Teresa de Ávila, cuyo corazón
conoció el encantamiento, se sintió arrebatada por la nostalgia del
futuro y escribió: "Muero porque no muero". Si en este
mundo no hay placer que supere tal plenitud, ¿qué nos aguarda al
otro lado de la vida?
Esa experiencia amorosa exige dejar
que nos envuelva la nube de lo desconocido. Pasión que supera a la
razón y no se confunde con la emoción. Quien no la conoce es capaz
de describirla, como trato yo de hacer aquí. Quien la experimenta
enmudece.
El camino es arduo. Como señala
Gilberto Gil, hay que quedar a solas, apagar la luz, hacer silencio
para encontrar la paz. Despojarse de los zapatos, de la corbata, de
los deseos, de los recelos; tener las manos vacías, el alma y el
cuerpo desnudos. Aceptar el dolor, comer el pan que amasó el diablo,
lamer el suelo de los palacios y de los castillos suntuosos de mis
sueños. Y a pesar de algún mal grande, alegrar mi corazón. Tengo
que subir al cielo sin cuerdas para asegurarme, y caminar decidido
por la carretera, que finalmente va a dar en nada de lo que pensaba
encontrar.
Esa inmersión en lo inefable es el
fundamento de todas las religiones. Por desgracia no acostumbra a ser
el fruto. La zarza ardiente quedó congelada por la
institucionalización de la fe en las estructuras religiosas, que
perdieron la sensibilidad ante la brisa suave captada por Elías.

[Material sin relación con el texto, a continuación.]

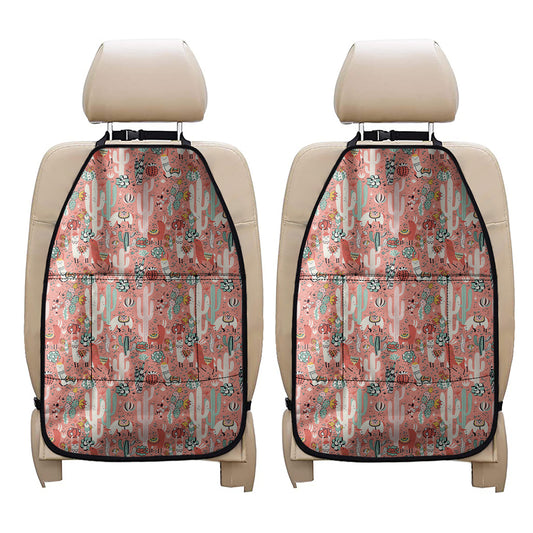 Happy Llama Pattern Print Car Seat Organizers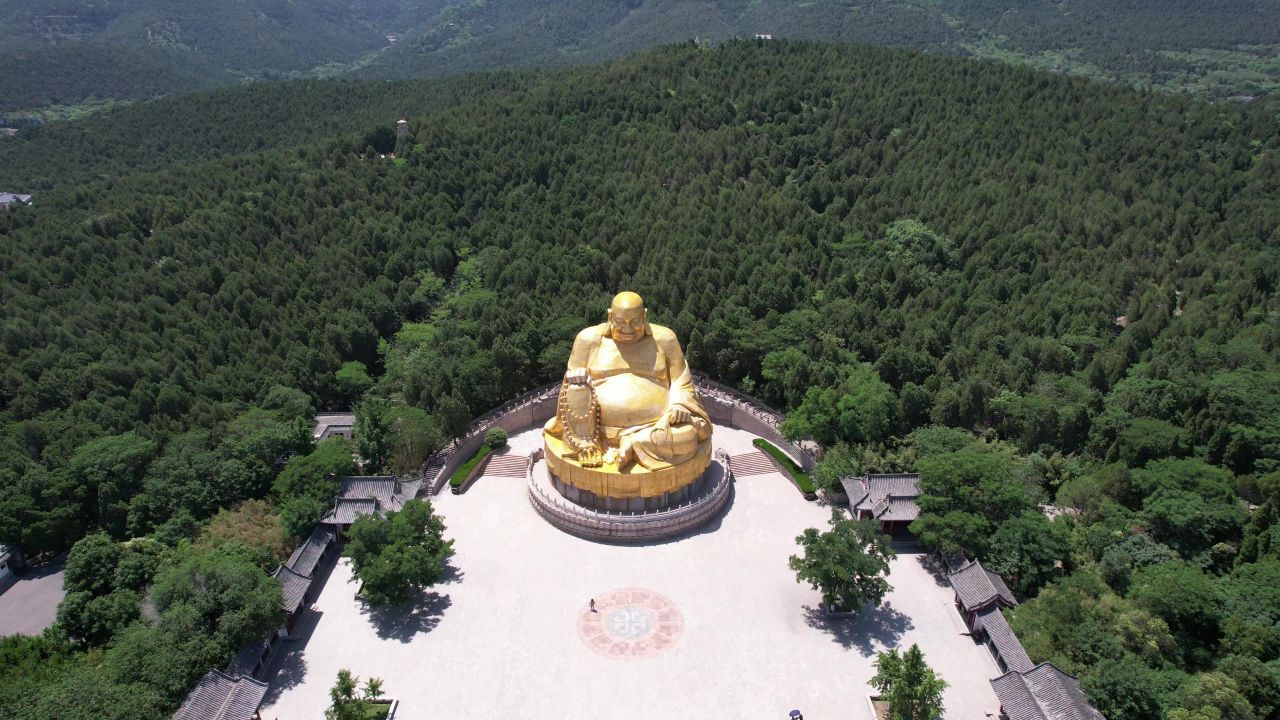 山东济南千佛山4A景区航拍  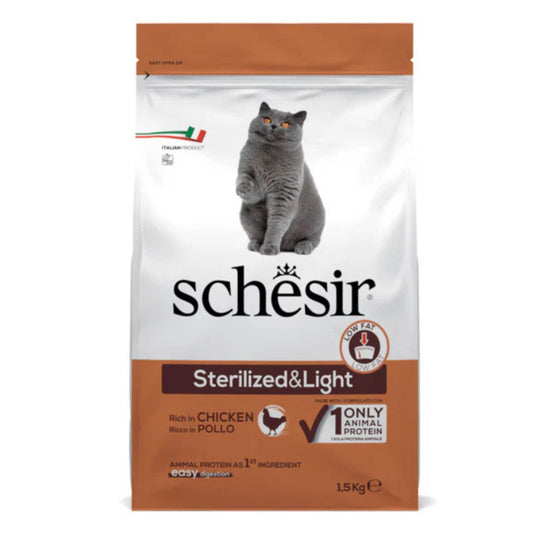 Schesir Cat Dry Food Sterilized & Light Chicken - 1.5kg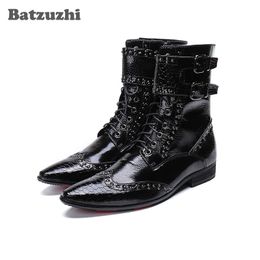 Batzuzhi Fashion Leather Boots Men Pointed Toe Military botas hombre Men Korean Black Dress Ankle Boots Male Buckles, Big US6-12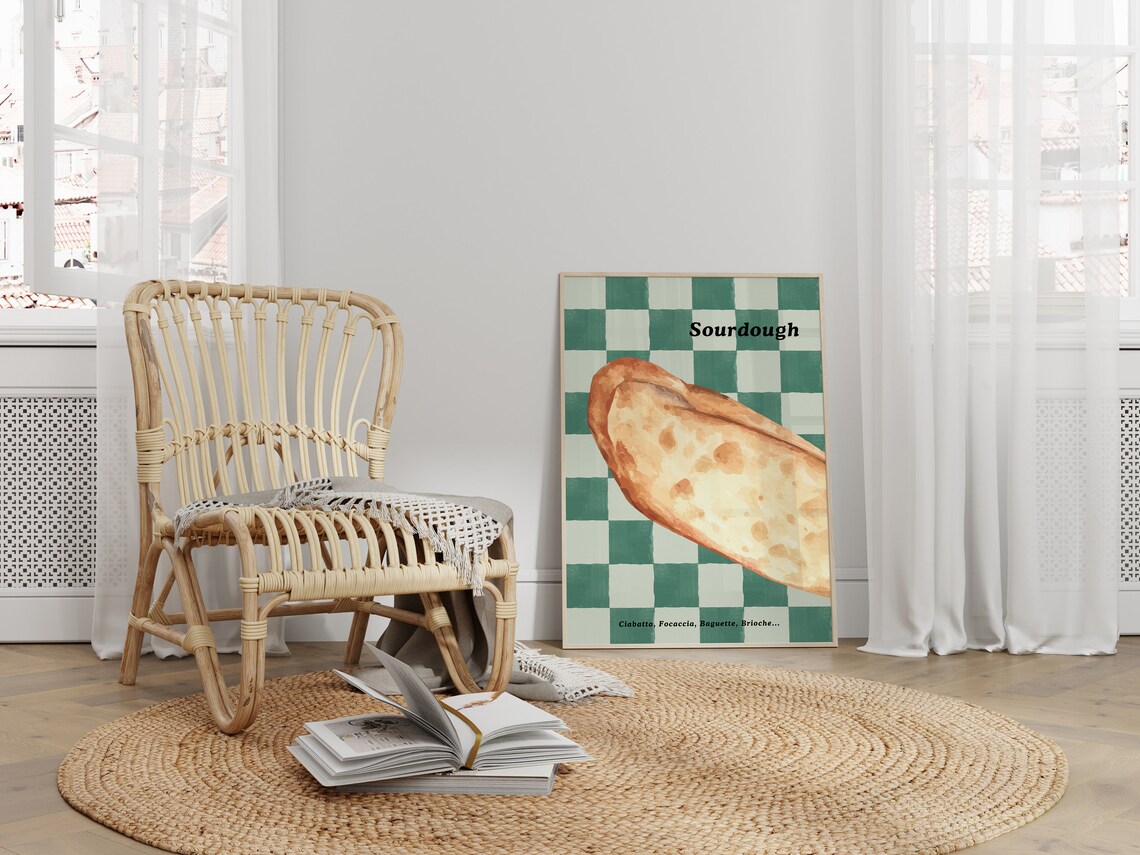 Sourdough Bread, Vintage Kitchen Decor Art Print - Image 3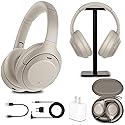 Sony WH-1000XM4 Wireless Noise-Canceling Over-Ear Headphones (Silver) with Mic for Phone-Call and Voice Control (WH1000XM4/S) + Headphone Stand + USB…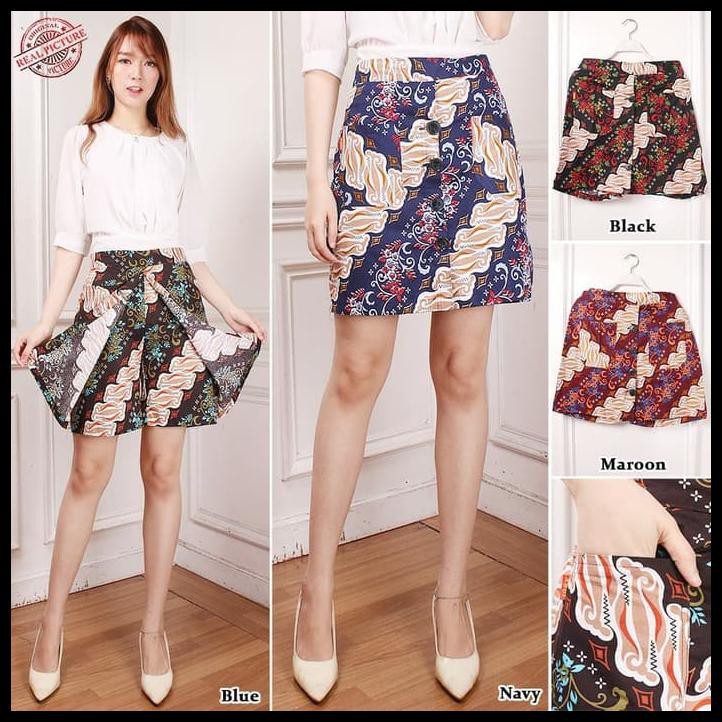 Decg Sb Collection Celana Pendek Rianti Hotpants Rok Batik Casual Wanita - Biru Gyfl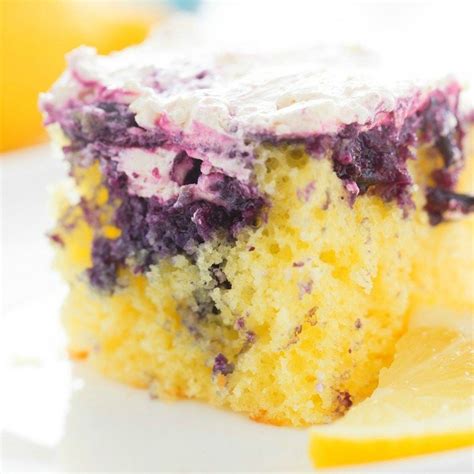 Lemon Blueberry Poke Cake Recipe Poke Cake Desserts Lemon Blueberry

Alcanzar esa presencia amorosa no es
una conquista, es un don. Para recibirlo es necesario arrancar las
hierbas ponzoñosas, así como se labra la tierra para acoger las
semillas. Eso implica saber decir no. Abrazar el Amor es evitar todas
las demás seducciones.
Así como un fragmento de la bola de
fuego expelido por la explosión solar vino a constituirse en el
planeta en que habitamos, igualmente la chispa de la mística,
sofocada por la burocracia religiosa, poco a poco perdió el calor
primordial. Se solidificó en dogmas, preceptos, ritos y represiones.
Hoy las religiones son como inmensas
cajas de agua de cemento armado, ante las cuales los fieles,
sedientos, tienen fe de que allá dentro hay agua. Pero mientras
tanto sus lenguas permanecen resecas. Es difícil beber de la Fuente
de Agua Viva, la que Jesús ofreció a la samaritana, a la orilla del
pozo de Jacob. Ese amor no cabe en el pecho.
Cercana al lenguaje de los ángeles,
la poesía es nuestro único recurso para intentar traducir lo que se
prefiere hablar con el silencio. Quizás sirva el intento en este
Domingo en el circo: "Soy todo tu presencia / en la radiante
mañana del domingo / embanderada de infancia. / Solemne y festivo
circo a(r)mado / en el terreno baldío de mi corazón. / Las piruetas
del payaso son alegrías malabaristas /en el vértigo de no saber lo
que hago./ Rugen fieras en mi sangre,/ me cortan espadas de fuego./
Motos locas en el globo de la muerte,/ redoble de tambores en las
entrañas,/ Anuncio españolado de espectáculo /hacen de tu llegada
mi suerte./ Domingo redondo abierto picadero / ensoleado por tan
fuerte ardor / me funde, me quema, me alucina: / ojos vendados, sin
red sobre el suelo,/ me tiro del trapecio en tu amor.